- YOUR TASK:
With the pictures left out, restate exactly the part below that opens with the line containing "This derivation yields" and closes with the line containing "Now, remember to".

● ● ●

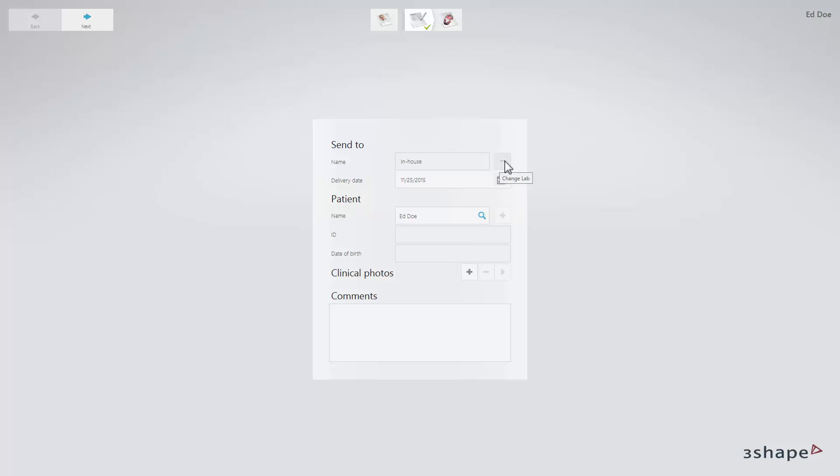When the Indication Settings page appears, enter the patient's information and add photos and comments if necessary.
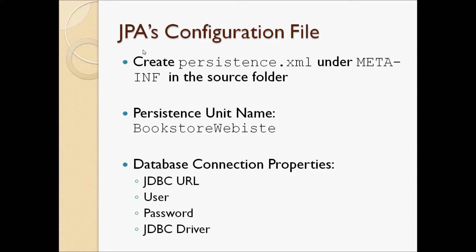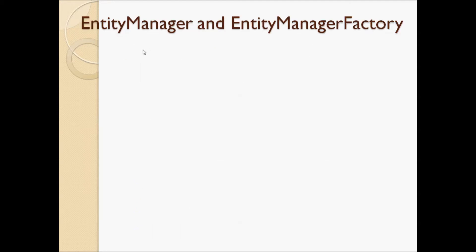But before doing that, let's understand a couple of key interfaces defined by JPA. They are the entity manager and entity manager factory.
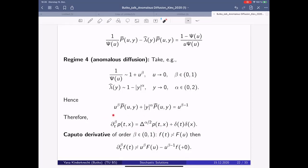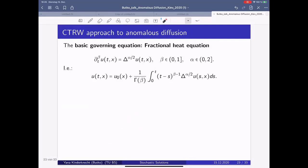This derivation yields the time-and-space fractional heat equation, which is the basic equation for anomalous diffusion. It can also be written in integral form using the Caputo derivative formalism and the Riemann-Liouville fractional integral. This integral form is more convenient for future investigations.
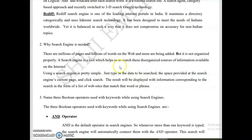For a one-mark question, this much is sufficient. For three marks, you can add extra points. For five marks, you can include examples and types of search engines. Answer length should be based on the marks allocated.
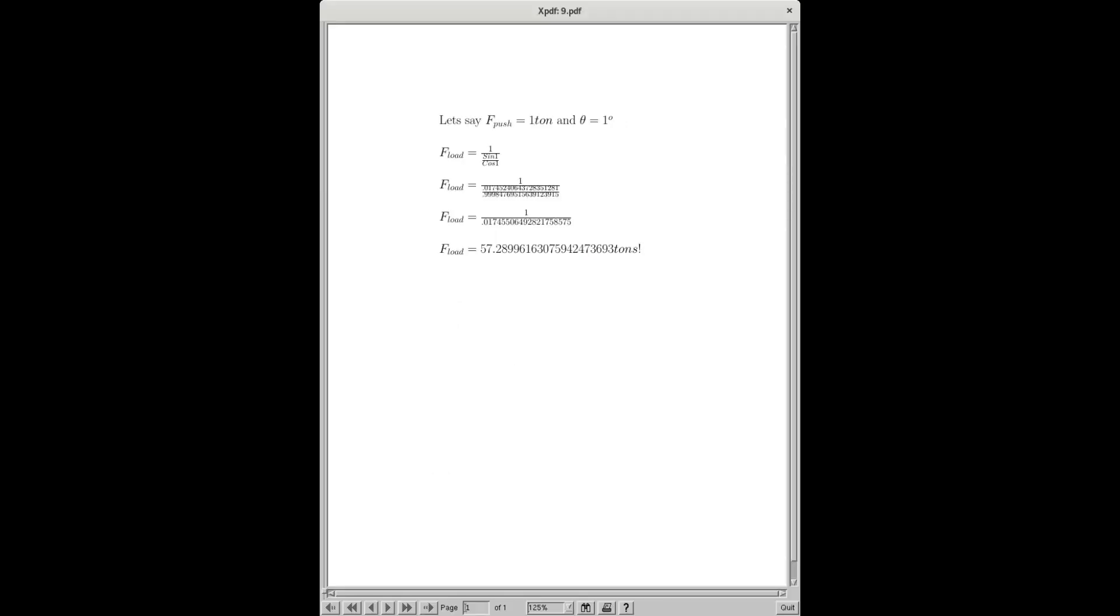Let's take an example. If we assume that the angle of the thread is one degree, which is quite small you'll agree, we've actually got F load equals one over the sin of one over the cos of one. And you can see there in that third line that the numbers are really very small indeed. The fourth line shows you there, one over 0.017, and it turns out then that F load is over 57 tonne.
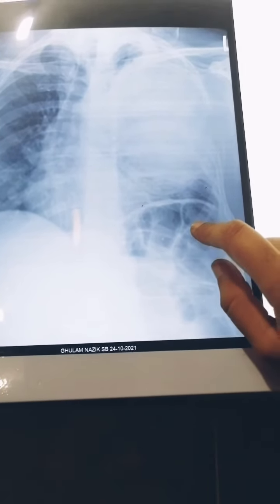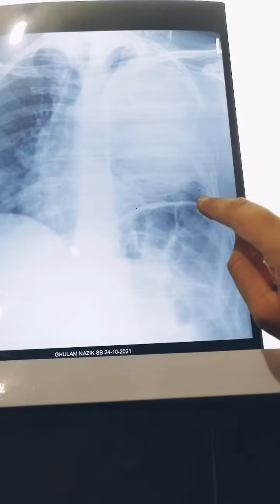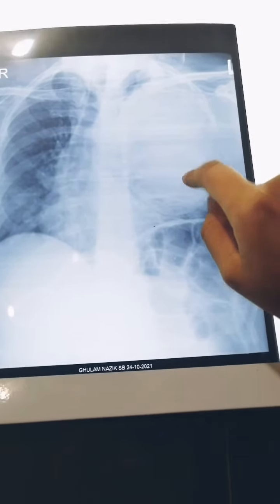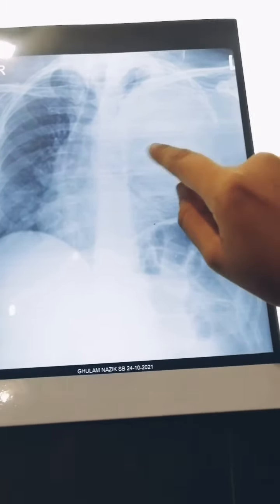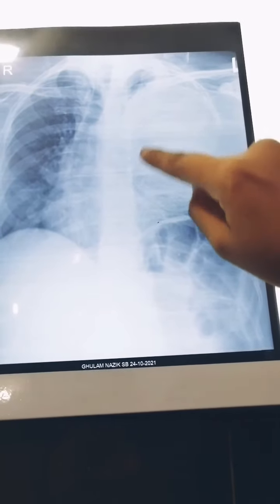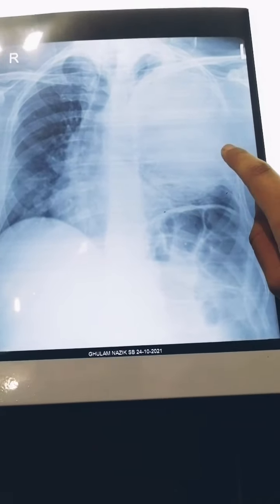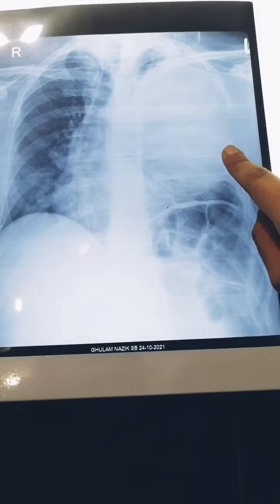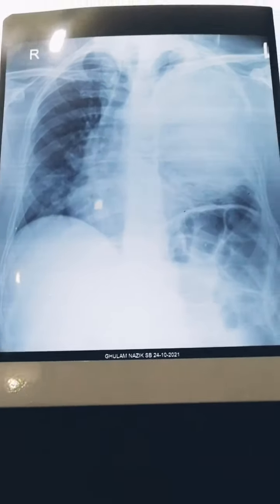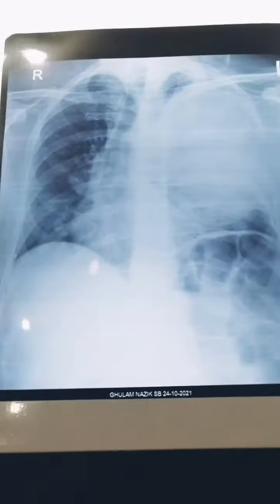But as you can see, the opacity is in the middle and upper part — not the lower part. So this is most probably a mass in the left lung which is pushing the trachea to the right side.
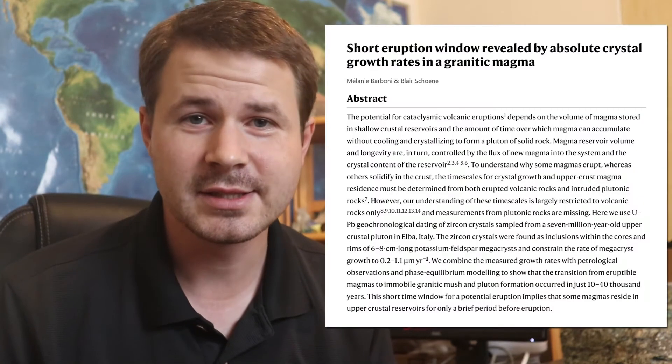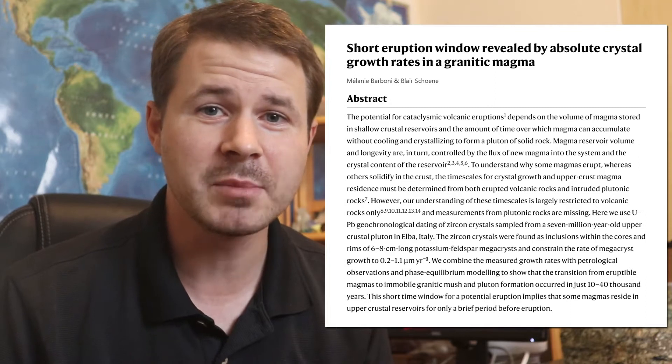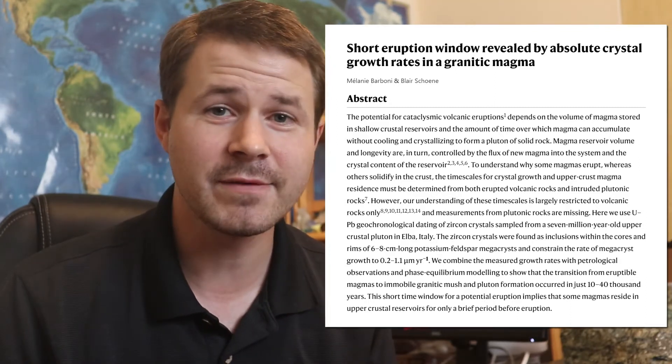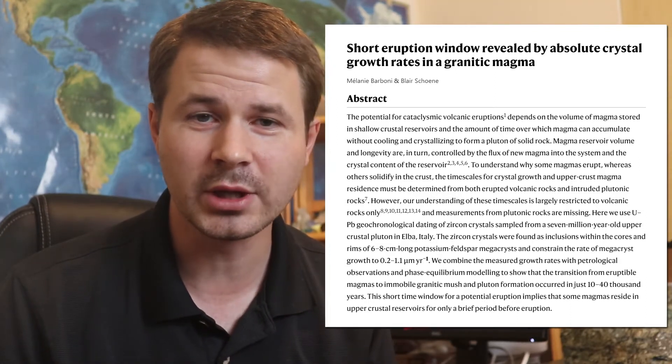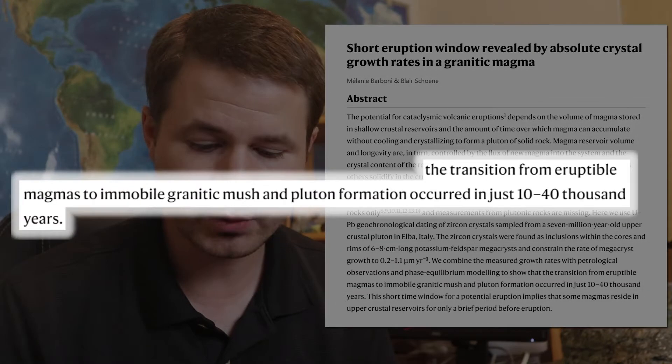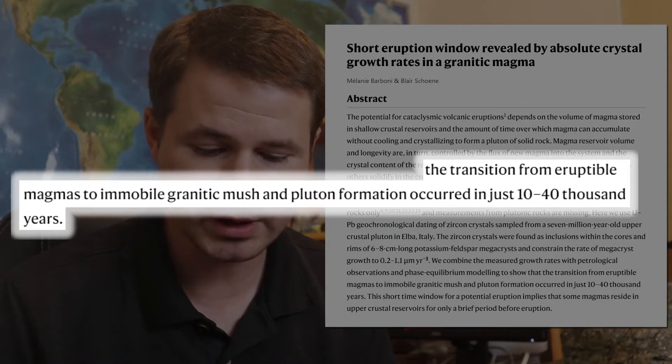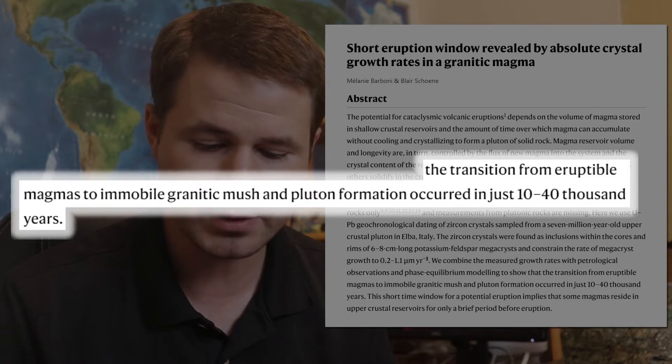These are the extrusive rocks — the ones that erupt out of the ground surface as lava and cool quickly to form fine grains so small you can't even see them. What about intrusive rocks? A study in Nature Geoscience suggests that intrusive magmas take at least tens of thousands of years to cool and crystallize. The transition from eruptable magmas to immobile granitic mush and pluton formation occurred in just ten to forty thousand years.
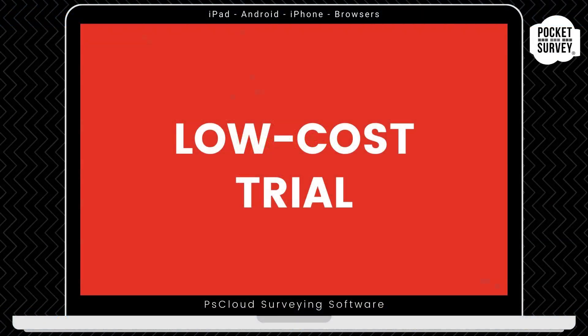Now, remember to get your low-cost trial if you're not already a Pocket Survey user, where you will get your first month's subscription at a vastly reduced price. There's no obligation to carry on your subscription after the trial month, and you've got access to the full software, including free training and support. If you don't like the software after that, that's no problem.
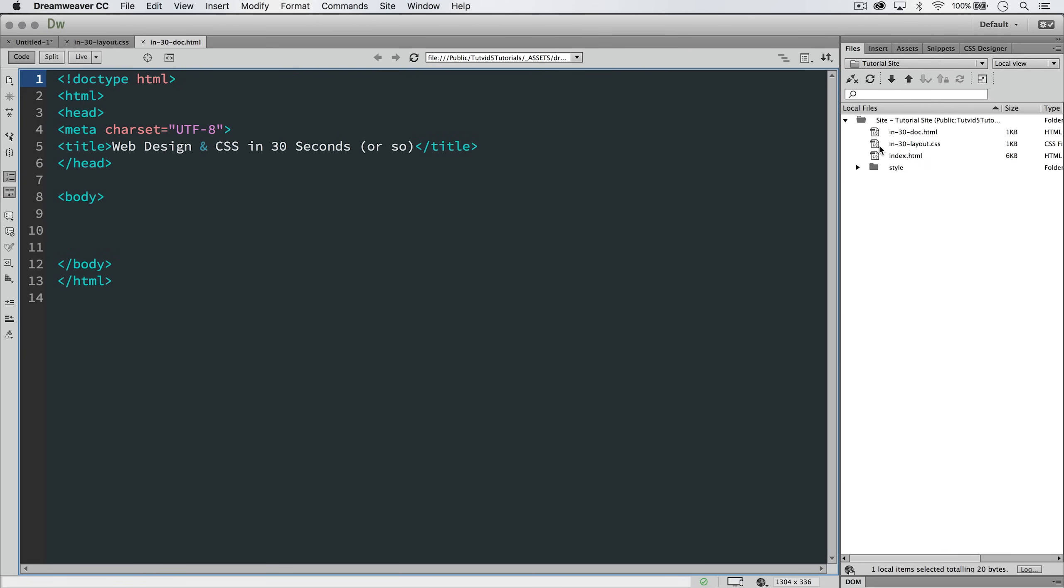So I've created a new CSS document here. It's easy to do in something like Dreamweaver. It's called in-30-layout.css, and I want to link that to this .html file which is located right there in the same folder just above it. So here's what we need to do.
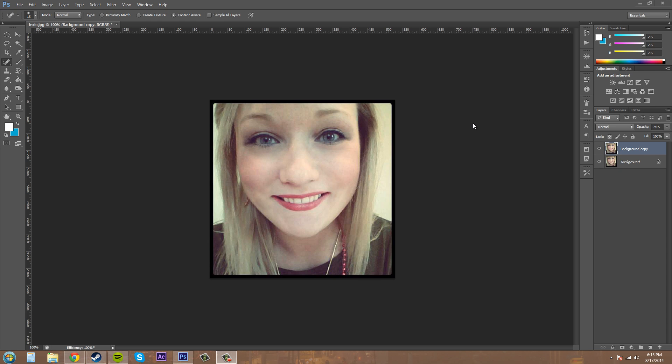Thanks for watching this tutorial and experiment with ways to use your spot healing brush to clean up people's skin and other imperfections in images. Thanks a lot guys, have a good one.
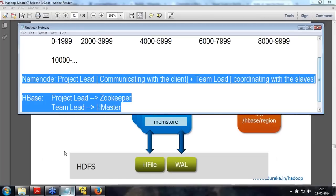ZooKeeper is also a domain, but it is also a software component. In pseudo-distributed mode, ZooKeeper is there by default. So even in your HBase shell when you started, there was an implicit ZooKeeper that was already there.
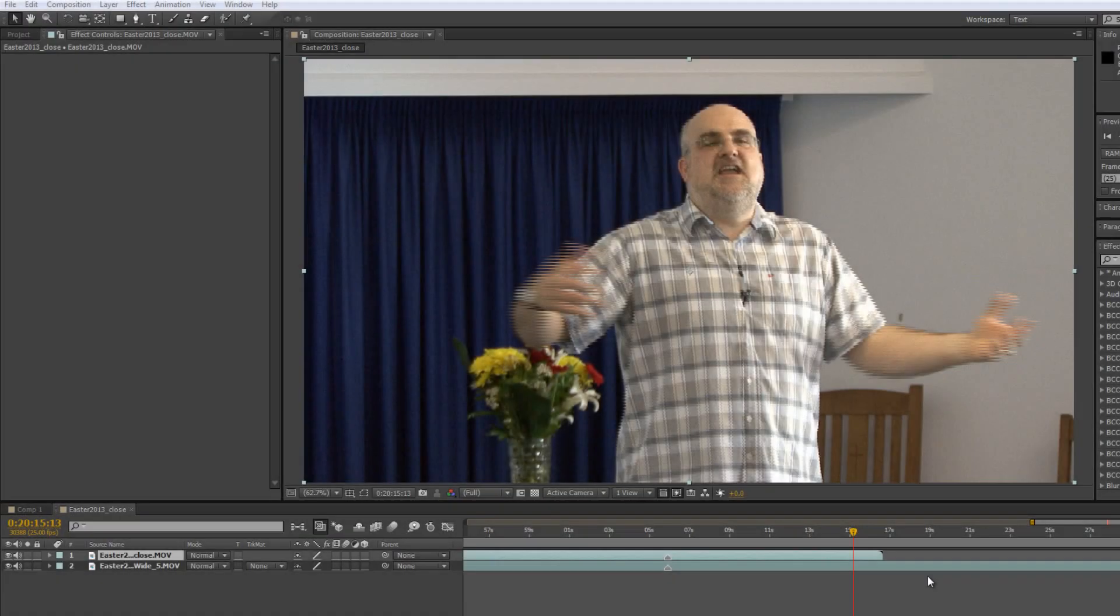Hello and welcome to this tutorial in which I'm going to demonstrate a really powerful plugin for dealing with camera problems.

● ● ●

- WRITTEN ANSWER:
This derivation yields the time-and-space fractional heat equation, which is the basic equation for anomalous diffusion. It can also be written in integral form using the Caputo derivative formalism and the Riemann-Liouville fractional integral. This integral form is more convenient for future investigations.
For a one-mark question, this much is sufficient. For three marks, you can add extra points. For five marks, you can include examples and types of search engines. Answer length should be based on the marks allocated.
Let's take an example. If we assume that the angle of the thread is one degree, which is quite small you'll agree, we've actually got F load equals one over the sin of one over the cos of one. And you can see there in that third line that the numbers are really very small indeed. The fourth line shows you there, one over 0.017, and it turns out then that F load is over 57 tonne.
But as you can see, the opacity is in the middle and upper part — not the lower part. So this is most probably a mass in the left lung which is pushing the trachea to the right side.
These are the extrusive rocks — the ones that erupt out of the ground surface as lava and cool quickly to form fine grains so small you can't even see them. What about intrusive rocks? A study in Nature Geoscience suggests that intrusive magmas take at least tens of thousands of years to cool and crystallize. The transition from eruptable magmas to immobile granitic mush and pluton formation occurred in just ten to forty thousand years.
Now, remember to get your low-cost trial if you're not already a Pocket Survey user, where you will get your first month's subscription at a vastly reduced price. There's no obligation to carry on your subscription after the trial month, and you've got access to the full software, including free training and support. If you don't like the software after that, that's no problem.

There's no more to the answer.